De acordo com a categoria, uma reunião foi realizada, nesta segunda-feira (23), com o Ministério da Justiça e Segurança Pública (MJSP), para tratar de pautas institucionais sobre o assunto.

Por ora, nada está resolvido. Mas, possivelmente uma nova reunião poderá ser agendada ainda nesta semana, dando continuidade ao processo de negociação em curso.

Por enquanto, a mobilização foi adiada para 9 de março, em uma segunda-feira, podendo ser suspensa novamente caso as tratativas avancem.

FUNDO

Fundo Nacional de Combate às Organizações Criminosas (FUNCOC) é destinado ao financiamento permanente das ações de enfrentamento às organizações criminosas, com investimentos em inteligência, tecnologia, estrutura operacional e fortalecimento das atividades de segurança pública federal.

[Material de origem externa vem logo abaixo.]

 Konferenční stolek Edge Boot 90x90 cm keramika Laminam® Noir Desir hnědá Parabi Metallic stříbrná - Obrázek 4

Federação Nacional dos Policiais Federais (FENAPEF), Federação Nacional dos Policiais Rodoviários Federais (FENAPRF) e Federação Nacional dos Policiais Penais Federais (FENAPPF) pressionam o Governo Federal para enviar ao Congresso Nacional o Projeto de Lei que cria o FUNCOC.

O Governo Federal anunciou a criação do fundo em novembro de 2025, mas, até o momento, não saiu do papel.